La lotta al fumo passa anche attraverso il portafoglio. Questa sembra essere la strategia del Governo Italiano, che ha imposto una nuova ondata di aumenti per le sigarette, questa volta toccando alcuni dei marchi più venduti nel paese. Dopo il precedente rincaro del 2 febbraio, che ha visto l’accisa unitaria salire da 20,20 a 29,30 euro per 1.000 sigarette, corrispondente a circa 10-12 centesimi in più per pacchetto, oggi si concretizza la seconda tranche di aumenti previsti dalla manovra per il 2024.
Tra i brand colpiti da questa nuova stretta fiscale vi sono alcuni tra i più noti, come le Camel, che subiscono un incremento di 20 centesimi per pacchetto. Per i fumatori abituali, coloro che consumano un pacchetto al giorno, il conto alla fine del mese sarà più salato di 6 euro, corrispondente a una spesa annuale aggiuntiva di circa 72 euro.
Questi aumenti non soltanto incidono sul budget dei consumatori, ma sono anche parte integrante delle politiche di disincentivazione del fumo, in linea con le raccomandazioni delle autorità sanitarie che mirano a ridurre l’incidenza delle malattie correlate al tabagismo.
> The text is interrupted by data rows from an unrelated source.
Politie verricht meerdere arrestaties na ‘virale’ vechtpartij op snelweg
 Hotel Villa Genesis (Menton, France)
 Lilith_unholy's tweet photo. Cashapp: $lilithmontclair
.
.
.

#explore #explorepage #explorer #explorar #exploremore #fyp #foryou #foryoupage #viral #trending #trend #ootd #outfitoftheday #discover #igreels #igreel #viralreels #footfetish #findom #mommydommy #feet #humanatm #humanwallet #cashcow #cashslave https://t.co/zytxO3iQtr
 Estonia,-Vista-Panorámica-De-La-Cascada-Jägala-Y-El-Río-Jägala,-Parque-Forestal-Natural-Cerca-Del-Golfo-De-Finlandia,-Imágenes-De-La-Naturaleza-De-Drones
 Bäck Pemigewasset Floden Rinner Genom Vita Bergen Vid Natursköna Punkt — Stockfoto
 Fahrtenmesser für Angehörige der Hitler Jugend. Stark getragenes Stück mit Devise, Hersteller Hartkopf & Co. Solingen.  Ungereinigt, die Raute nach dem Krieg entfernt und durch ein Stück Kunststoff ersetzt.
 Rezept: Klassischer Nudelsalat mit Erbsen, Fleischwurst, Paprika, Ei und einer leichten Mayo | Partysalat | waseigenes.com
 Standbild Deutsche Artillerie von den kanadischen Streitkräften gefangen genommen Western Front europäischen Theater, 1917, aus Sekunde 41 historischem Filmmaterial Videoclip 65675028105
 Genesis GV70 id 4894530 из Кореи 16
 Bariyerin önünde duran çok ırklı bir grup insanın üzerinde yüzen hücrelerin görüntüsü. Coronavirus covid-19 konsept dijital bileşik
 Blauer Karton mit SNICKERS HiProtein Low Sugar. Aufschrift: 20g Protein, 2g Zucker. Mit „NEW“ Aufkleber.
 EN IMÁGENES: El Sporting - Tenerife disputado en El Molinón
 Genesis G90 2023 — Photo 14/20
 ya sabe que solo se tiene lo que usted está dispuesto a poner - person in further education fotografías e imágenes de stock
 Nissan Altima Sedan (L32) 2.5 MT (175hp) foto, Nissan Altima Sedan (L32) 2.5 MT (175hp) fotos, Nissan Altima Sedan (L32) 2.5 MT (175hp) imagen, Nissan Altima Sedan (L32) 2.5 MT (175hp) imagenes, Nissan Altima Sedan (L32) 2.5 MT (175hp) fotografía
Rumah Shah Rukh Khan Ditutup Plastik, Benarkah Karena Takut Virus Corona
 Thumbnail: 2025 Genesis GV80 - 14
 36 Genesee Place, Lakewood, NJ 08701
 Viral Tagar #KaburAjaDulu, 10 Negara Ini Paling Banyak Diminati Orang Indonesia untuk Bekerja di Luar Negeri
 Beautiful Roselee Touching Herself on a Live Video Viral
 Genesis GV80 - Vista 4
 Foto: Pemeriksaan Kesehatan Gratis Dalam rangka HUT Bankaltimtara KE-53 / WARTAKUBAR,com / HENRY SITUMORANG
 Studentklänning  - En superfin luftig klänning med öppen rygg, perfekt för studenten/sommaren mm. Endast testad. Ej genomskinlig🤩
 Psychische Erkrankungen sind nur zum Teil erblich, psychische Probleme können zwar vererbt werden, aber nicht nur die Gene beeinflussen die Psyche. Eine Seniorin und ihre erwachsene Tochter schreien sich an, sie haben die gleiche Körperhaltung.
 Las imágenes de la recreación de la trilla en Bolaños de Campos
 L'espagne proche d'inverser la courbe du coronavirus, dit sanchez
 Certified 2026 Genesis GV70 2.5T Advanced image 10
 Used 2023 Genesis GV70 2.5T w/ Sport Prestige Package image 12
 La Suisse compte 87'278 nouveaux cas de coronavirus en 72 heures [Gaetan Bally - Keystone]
I dettagli sugli incrementi appena applicati si possono trovare sul sito dell’Agenzia delle Dogane e dei Monopoli, dove oggi è stato reso disponibile l’aggiornamento dei listini dei prezzi al pubblico. La Federazione Italiana Tabaccai, attraverso il suo sito, ha reso noti gli aumenti, permettendo ai fumatori di prepararsi a queste variazioni di prezzo.
Queste misure fiscali sul tabacco, che tendenzialmente risultano in una diminuzione del consumo, sono parte di una strategia più ampia che comprende iniziative di sensibilizzazione e sostegno a chi desidera smettere di fumare. Ciò nonostante, l’incremento dei prezzi continua a essere uno degli strumenti più efficaci per scoraggiare l’acquisto di sigarette, soprattutto tra i giovani e le fasce meno abbienti della popolazione, secondo quanto indicano diversi studi in materia di salute pubblica.
Mentre il dibattito sulla efficacia di tali misure continua, tra chi sostiene la necessità di proteggere la salute pubblica e chi, invece, vede in queste scelte un peso eccessivo sulle tasche dei cittadini, ciò che è certo è che il fumo, oltre a essere un rischio per la salute, sta diventando sempre più un lusso che molti potrebbero decidere di non potersi più permettere.